Chuck E. Cheese’s could turn to unlimited games in its war with neighboring trampoline parks.
Same-store sales fell 6% in the fourth quarter ended Dec. 31, parent company CEC Entertainment said on Tuesday. And total revenues declined $10.6 million, or 5%, to $196.7 million.
The company blamed a handful of issues for the sales weakness, including a shift in the company’s credit card system last year, which executives said turned off some customers.
But they also said that growing competition from “bounce houses and trampoline parks” drained some customers, particularly birthday parties, in a number of the chain’s markets.
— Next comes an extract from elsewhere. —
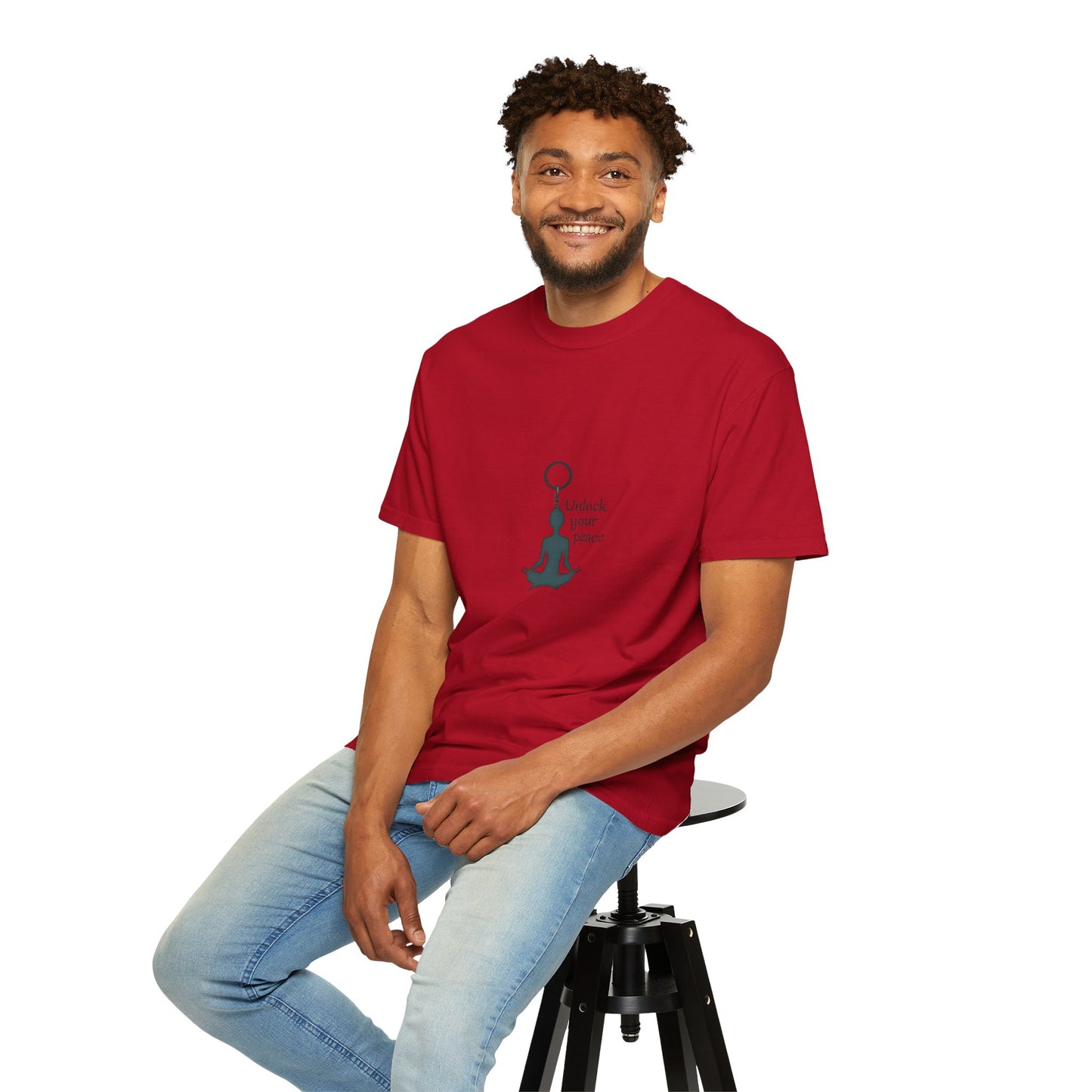 Unisex Garment-Dyed T-shirt: Unlock Your Peace, Mindfulness Tee, Yoga Shirt, Casual Wear, Gift for Yogis, Meditation Top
Those kid-focused destinations have become more prevalent in recent years, moving into cheap real estate left by closed retailers and restaurants.
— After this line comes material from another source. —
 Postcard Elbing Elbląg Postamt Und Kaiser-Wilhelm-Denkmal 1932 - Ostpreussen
“We’re aware that cheap real estate for many bounce houses and trampoline parks has led to the quick entrance of new kid entertainment centers,” CEO Tom Leverton said on a conference call Wednesday.
CEC is cutting costs to offset lower revenues, including a corporate reorganization to reduce the number of operating regions, which could save $3 million a year.
Leverton said the company is testing “impactful” efforts to “combat increased competition.” CEC, which owns 605-unit Chuck E. Cheese’s and 149-unit Peter Piper Pizza, is remodeling locations, adding new birthday packages and promoting a new loyalty program.
The company hired a new chief marketing and concept officer last month in Ashley Zickefoose.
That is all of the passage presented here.